─── Data section ───

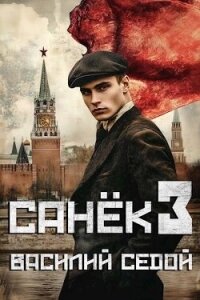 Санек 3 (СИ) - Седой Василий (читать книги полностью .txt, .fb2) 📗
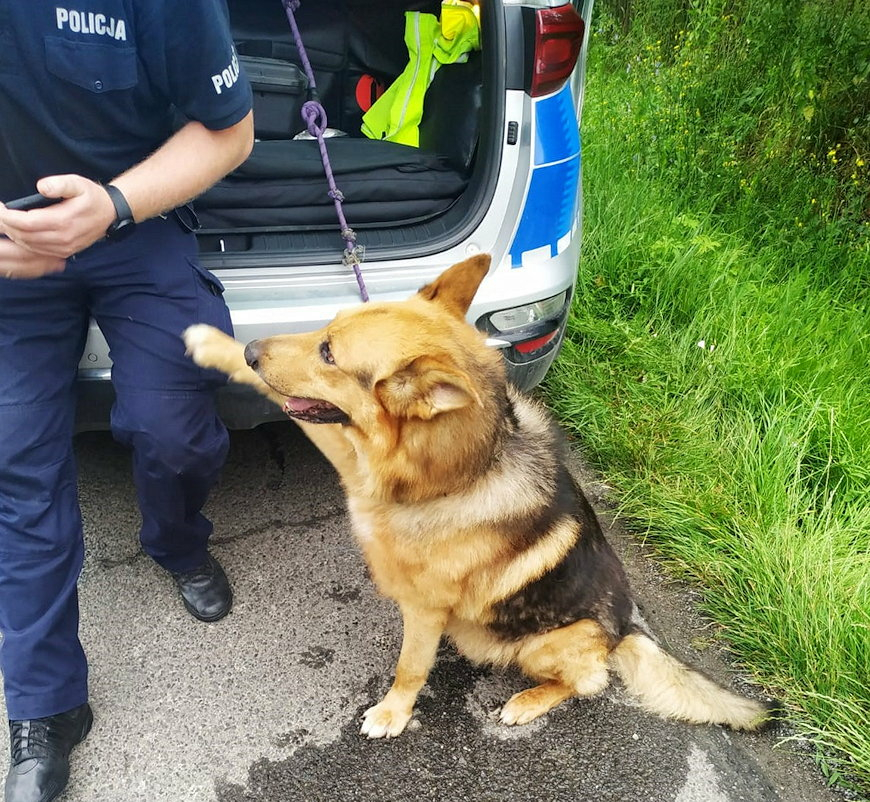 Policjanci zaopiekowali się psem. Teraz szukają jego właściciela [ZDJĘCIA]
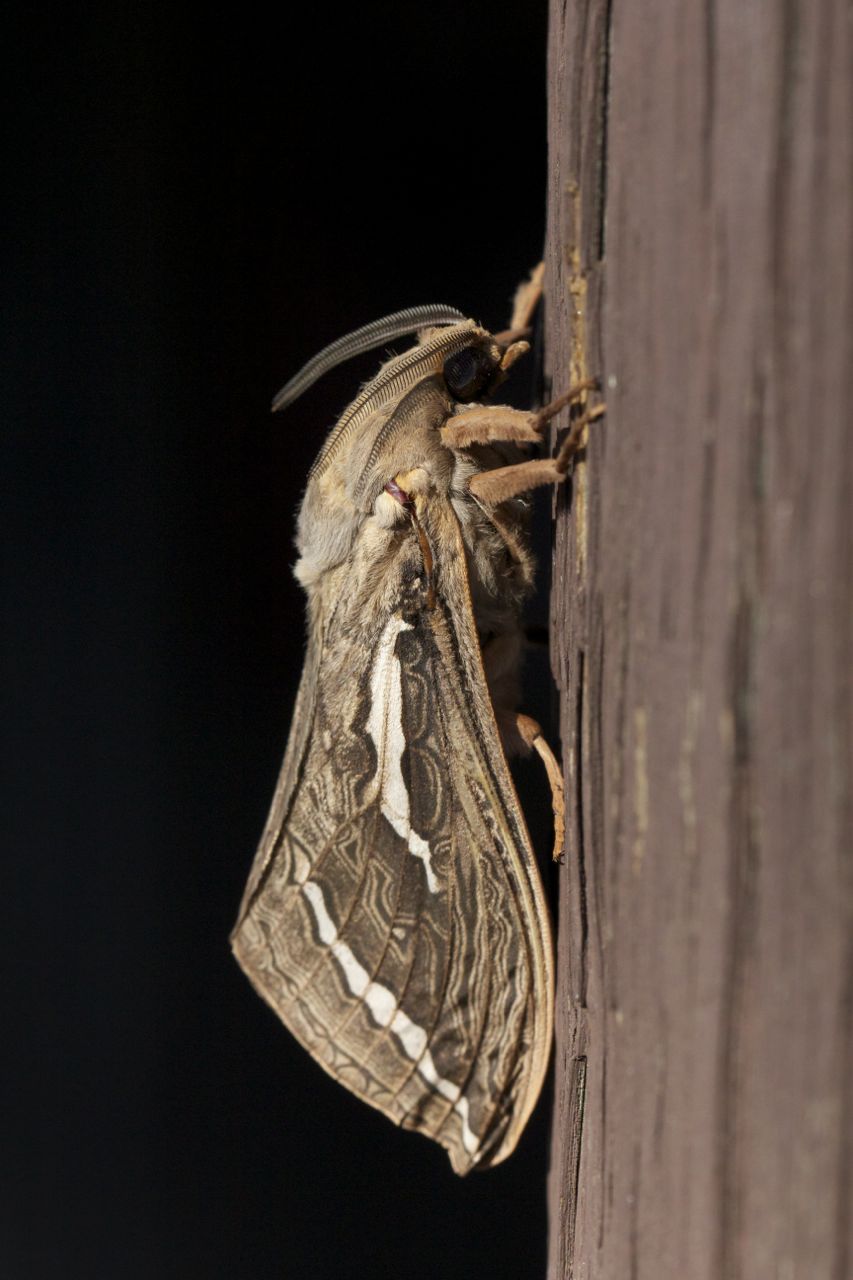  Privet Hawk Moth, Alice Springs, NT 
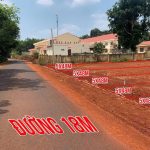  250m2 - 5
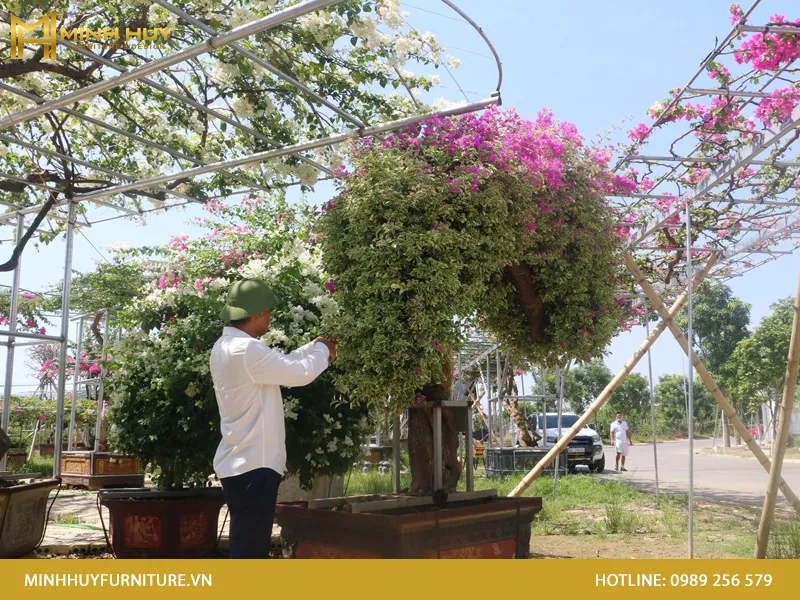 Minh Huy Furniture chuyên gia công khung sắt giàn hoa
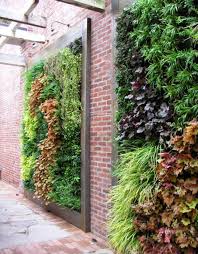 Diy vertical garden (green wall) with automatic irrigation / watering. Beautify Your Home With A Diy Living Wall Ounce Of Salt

───

Repeat, exactly and in full, all records above, but include no pictures.

 Санек 3 (СИ) - Седой Василий (читать книги полностью .txt, .fb2) 📗
 Policjanci zaopiekowali się psem. Teraz szukają jego właściciela [ZDJĘCIA]
  Privet Hawk Moth, Alice Springs, NT 
  250m2 - 5
 Minh Huy Furniture chuyên gia công khung sắt giàn hoa
 Diy vertical garden (green wall) with automatic irrigation / watering. Beautify Your Home With A Diy Living Wall Ounce Of Salt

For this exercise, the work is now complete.